The timetable includes deciding which parishes and facilities will be closed or merged with existing parishes within the next three to 12 months, followed by several weeks or months of transition before the real estate will be put on the market, Mr. Zwilling said.
“Once the announcements are made, there will be a transition period for the plans to go into effect,” he said.
The New York archdiocese encompasses 10 counties and 413 parishes, with 99 parishes in Manhattan, 68 in the Bronx, and 35 in Staten Island. It does not include Brooklyn and Queens, which, with Nassau and Suffolk counties, come under the auspices of the Diocese of Rockville Centre.
Speaking of the New York archdiocese, Mr. Zwilling said: “Manhattan has 25% of the parishes, but certainly not 25% of Catholics.” He said the borough is home to only about 10% of the Catholics in the Archdiocese of New York.
In Putnam, where 80% of residents are Catholic, according to a 2000 census released by the Glenmary Research Center in Nashville, Tenn., there are only five parishes. Orange County has 29 parishes, and Rockland has 18, according to the archdiocese’s Web site.
At Staten Island, however, overdevelopment in the borough has caused the Catholic demographics to change, according to Mr. Zwilling. “It is just as likely that we will be opening another church as closing one,” he said.

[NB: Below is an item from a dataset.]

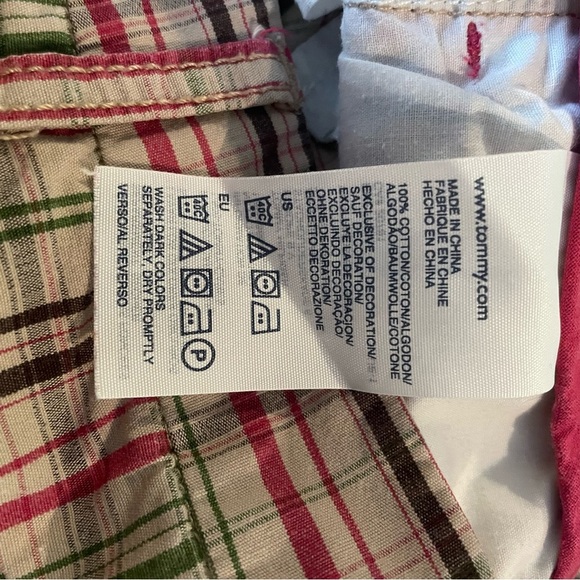Tommy Hilfiger women’s Plaid Shorts - Multicolor(pink/green/brown/green) size 8 - Picture 5 of 5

The archdiocese began examining the parishes to realign them more than a year ago, but the project was shelved after Bishop Timothy McDonnell, who had been in charge, left to become bishop of Springfield, Mass., according to the spokesman. It was restarted in earnest at the beginning of this week under Auxiliary Bishop Dennis Sullivan, who was ordained by Cardinal Egan in September and began working full-time at the archdiocese on Monday.
As Catholic congregants have been moving farther north, the archdiocese has steadily been closing parishes in neighborhoods that cannot sustain them. That includes places such as Harlem and the East Bronx, where many empty churches can be found, according to a real-estate broker with Penson Companies, Frank Farricker.
“There used to be a large Italian community in East Harlem with many incredible churches that are now largely empty, and the church has started to sell some of them to developers,” Mr. Farricker said. “There are also giant swaths in the Bronx where you can see several Catholic churches that have been closed. We have been wondering for some time what they would be doing with those properties.”
In Boston, Catholic church officials, faced with immense expenses in connection with settlements of lawsuits alleging sexual abuse by priests, are selling off large real-estate holdings. Sources familiar with the situation in New York said that the likely property sales here are unrelated to suits alleging clerical misbehavior.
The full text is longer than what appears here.